Ma esiste un rimedio bello e pratico alla solitudine. Nella Scienza Cristiana, arriviamo a comprendere che la vita non è frammentata. È infinita, continua. Quando lo comprendiamo, iniziamo a sentire il calore dell'Amore divino e universale che è Dio. Nel momento in cui percepiamo anche solo un barlume di spiritualità, l’impressione di essere separati da Dio scompare. La Vita è Spirito, entrambi termini che definiscono Dio, e, quali esseri spirituali, non siamo mai soli. Ciascuno di noi possiede un senso spirituale ben definito – si potrebbe dire un istinto spirituale – che avverte in modo innato l'unicità dell'essere, la santità della connessione divina. Nella Bibbia, Paolo dice: “Difatti, in lui viviamo, ci moviamo e siamo”.

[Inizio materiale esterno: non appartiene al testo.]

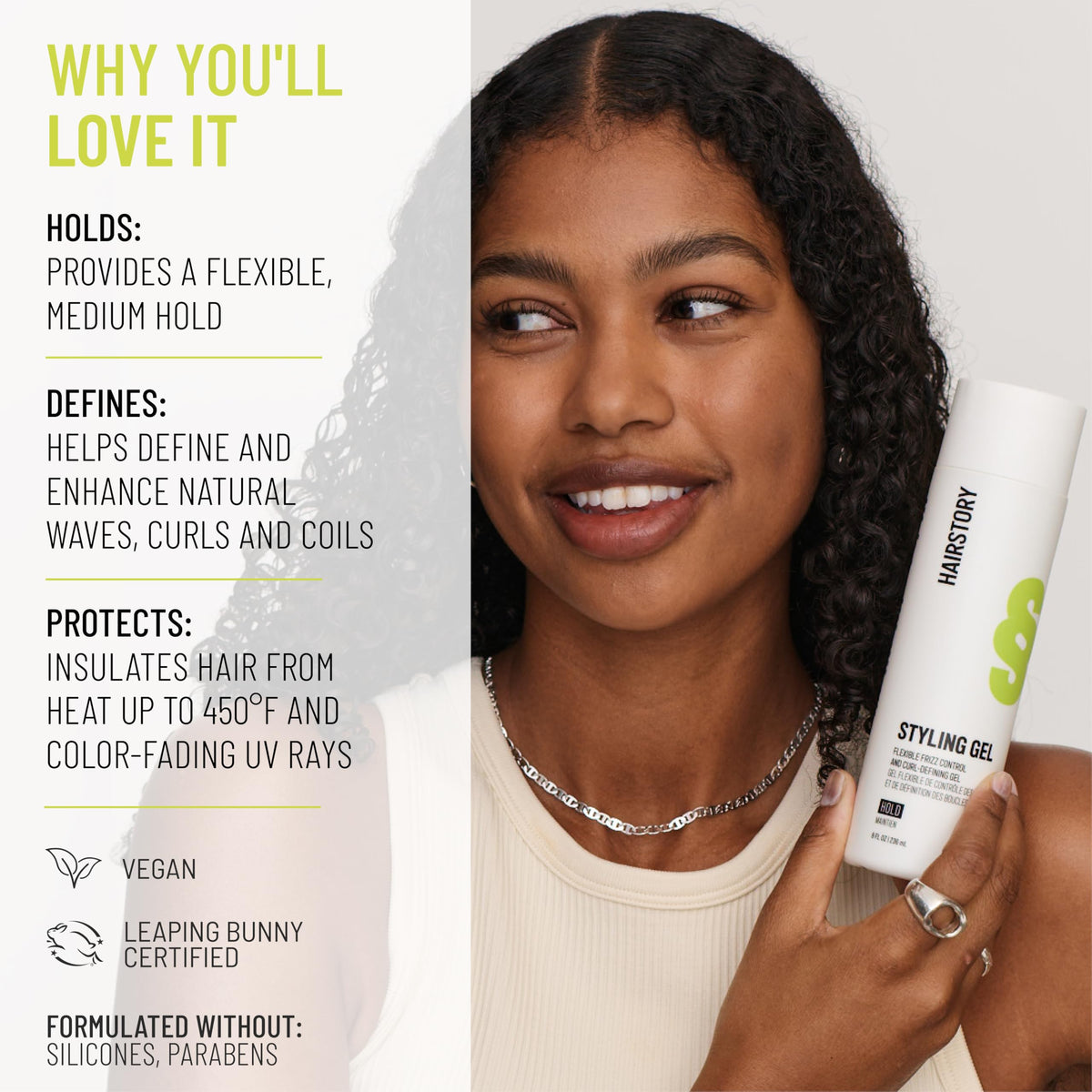 Wet hair with Hairstory Gel showing defined waves as it dries.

Lo Spirito unico è davvero la nostra casa. È l'unica origine dell'essere per ogni singola idea nel suo glorioso universo, e la Sua creazione è caratterizzata da legami ininterrotti, collegamenti densi di significato, forti connessioni vitali. Mary Baker Eddy sapeva bene come connettersi con la causa ultima dell'essere. Ecco cosa scrisse: “Dovete solo mantenere un senso scientifico, positivo di unità con la vostra fonte divina e dimostrarlo quotidianamente”.
La solitudine e la separazione vengono superate quando siamo pronti ad aprirci alla nostra unità ininterrotta con lo Spirito, che è più vasto e potente dell'oceano. Apparteniamo davvero a Dio. E questo può significare solo una cosa per noi e per tutto ciò che esiste nel mondo di Dio: mai più soli.